Task requirements: Determine how many lines in the entries below contain "view", and output that number alone.

Stored data entries:
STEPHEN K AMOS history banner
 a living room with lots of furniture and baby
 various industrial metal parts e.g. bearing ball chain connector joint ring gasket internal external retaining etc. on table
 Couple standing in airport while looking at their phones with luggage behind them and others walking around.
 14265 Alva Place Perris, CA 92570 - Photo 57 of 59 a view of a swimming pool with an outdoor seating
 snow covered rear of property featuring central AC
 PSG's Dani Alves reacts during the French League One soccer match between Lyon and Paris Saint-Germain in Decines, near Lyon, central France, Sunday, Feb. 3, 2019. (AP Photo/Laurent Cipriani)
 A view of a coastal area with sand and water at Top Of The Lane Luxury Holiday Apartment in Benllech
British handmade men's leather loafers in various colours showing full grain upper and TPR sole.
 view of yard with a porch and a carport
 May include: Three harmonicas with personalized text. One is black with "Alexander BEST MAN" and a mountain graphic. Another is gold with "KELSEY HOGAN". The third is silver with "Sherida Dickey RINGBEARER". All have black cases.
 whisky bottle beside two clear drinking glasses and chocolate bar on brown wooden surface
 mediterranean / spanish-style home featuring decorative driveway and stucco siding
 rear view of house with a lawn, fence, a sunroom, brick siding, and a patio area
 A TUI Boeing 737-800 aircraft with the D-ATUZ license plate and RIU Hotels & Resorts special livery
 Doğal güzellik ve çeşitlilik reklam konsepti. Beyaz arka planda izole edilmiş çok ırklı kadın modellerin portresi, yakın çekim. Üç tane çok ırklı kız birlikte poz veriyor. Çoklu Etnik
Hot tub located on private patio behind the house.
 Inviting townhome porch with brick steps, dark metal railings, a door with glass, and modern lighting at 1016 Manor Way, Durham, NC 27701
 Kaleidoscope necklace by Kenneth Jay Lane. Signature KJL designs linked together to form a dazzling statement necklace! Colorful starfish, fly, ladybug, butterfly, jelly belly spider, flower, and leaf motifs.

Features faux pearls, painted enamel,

The answer: 4